Bus arbitration is the process of managing and controlling access to a shared bus in a computer system.
In systems where multiple devices (CPU, memory, I/O devices) share a common bus, bus arbitration
ensures that only one device can use the bus at a time, preventing conflicts.
● In computer systems, multiple devices often need to communicate over the same bus to perform
operations like reading from memory or writing data to an I/O device. Without arbitration,
devices could try to use the bus simultaneously, leading to collisions and incorrect data transfer.
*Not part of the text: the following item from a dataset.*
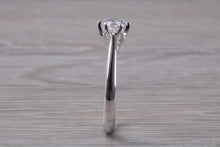 Load image into Gallery viewer, Tulip Flower Solitaire, Certified Round cut Diamond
1. Centralized Arbitration
○ A single bus arbiter (controller) is responsible for managing which device can access the
bus. The arbiter receives requests from devices and grants access based on predefined
rules (e.g., priority).
○ Example- In the PCI bus, the arbiter controls which device (e.g., CPU, network card)
can access the bus.
2. Distributed Arbitration
○ In this method, there is no central arbiter. Devices negotiate among themselves to decide
who gets to use the bus. They follow a predefined protocol, often involving priority levels
or a round-robin system.
1. Daisy Chaining
○ Devices are connected in a chain. The highest-priority device is at the start of the chain,
and it gets first access to the bus. If it doesn't need the bus, the request passes down the
chain.
○ Simple but can lead to starvation for lower-priority devices.
2. Polling
○ The arbiter polls each device in sequence to check if it needs to use the bus. The arbiter
then grants the bus to the requesting device.
○ Advantage- Prevents starvation. Disadvantage: Can be slow if many devices are polled
before a request is found.
3. Priority Arbitration
○ Devices are assigned priority levels. When multiple devices request the bus, the arbiter
grants access to the highest-priority device.
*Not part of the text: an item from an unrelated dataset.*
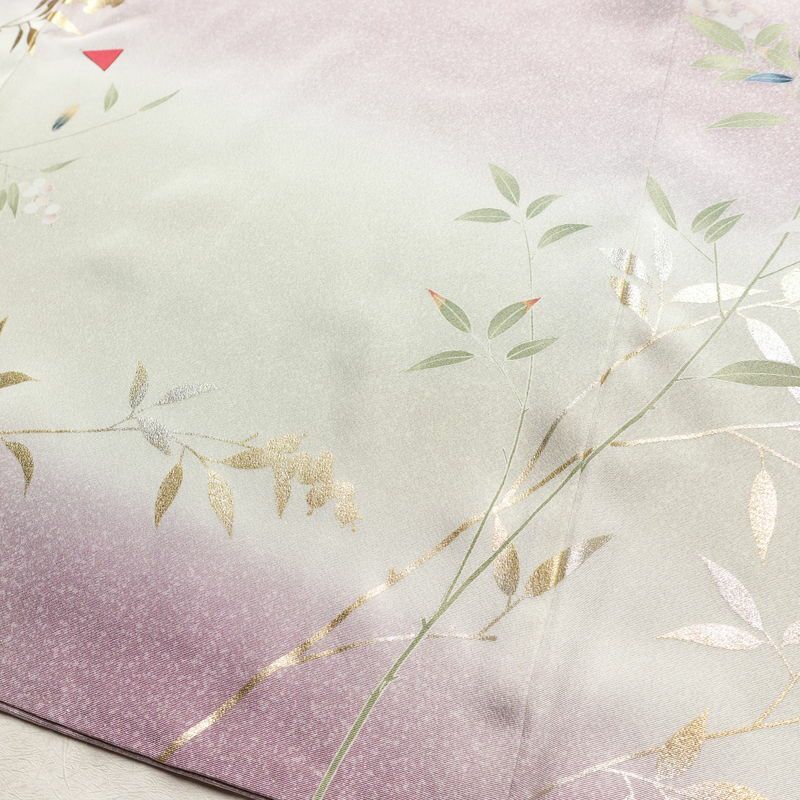 付け下げ 良品 縮緬 正絹 木の葉・植物柄 袷仕立て 身丈160cm 裄丈63.5cm 箔 共八掛 フォーマル 着物 紫・藤色_画像13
○ Advantage- High-priority tasks are processed first.
○ Disadvantage- Lower-priority devices may experience delays.
4. Round-Robin Arbitration
○ The arbiter grants bus access to devices in a circular order. Each device gets its turn,
ensuring fairness among devices.
○ Advantage- Ensures that no device gets unfairly delayed.
○ Disadvantage- May not prioritize urgent tasks.
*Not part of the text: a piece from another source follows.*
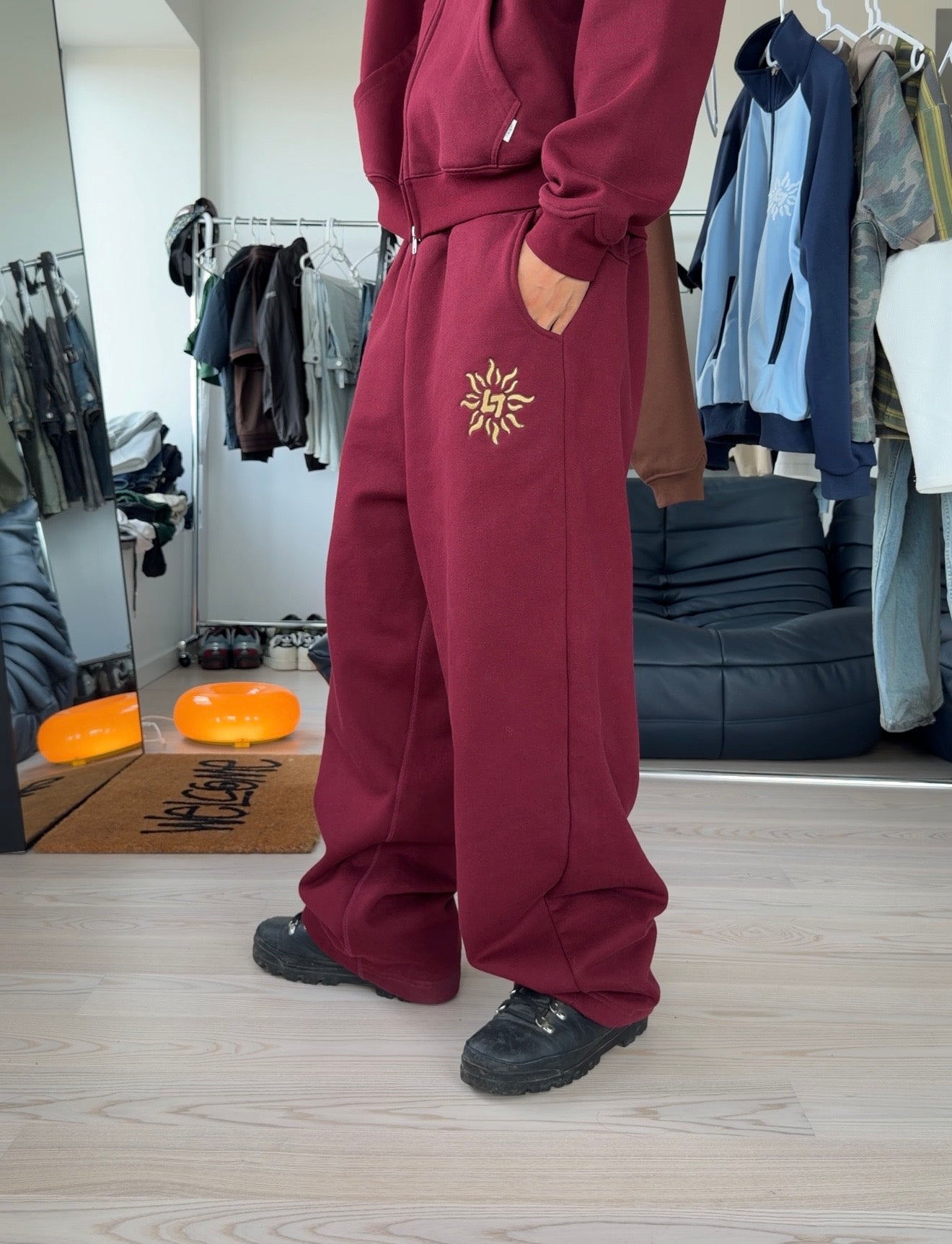 LIBITY UNCUFFED JOGGER (BURGUNDY RED)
1. Bus Request- A device sends a request to the arbiter, indicating it needs the bus.
2. Arbitration- The arbiter selects one device based on the arbitration technique being used (e.g.,
priority, round-robin).
3. Bus Grant- The arbiter grants control of the bus to the selected device.
4. Data Transfer- The device uses the bus to transfer data.
5. Bus Release- Once the transfer is complete, the device releases control of the bus.
Summary
● Registers are fast, small storage locations within the CPU used to hold data and instructions
during processing.
● Bus arbitration manages access to a shared bus, ensuring that multiple devices can communicate
without conflict, using methods like centralized or distributed arbitration, and techniques such as
priority, round-robin, polling, or daisy chaining.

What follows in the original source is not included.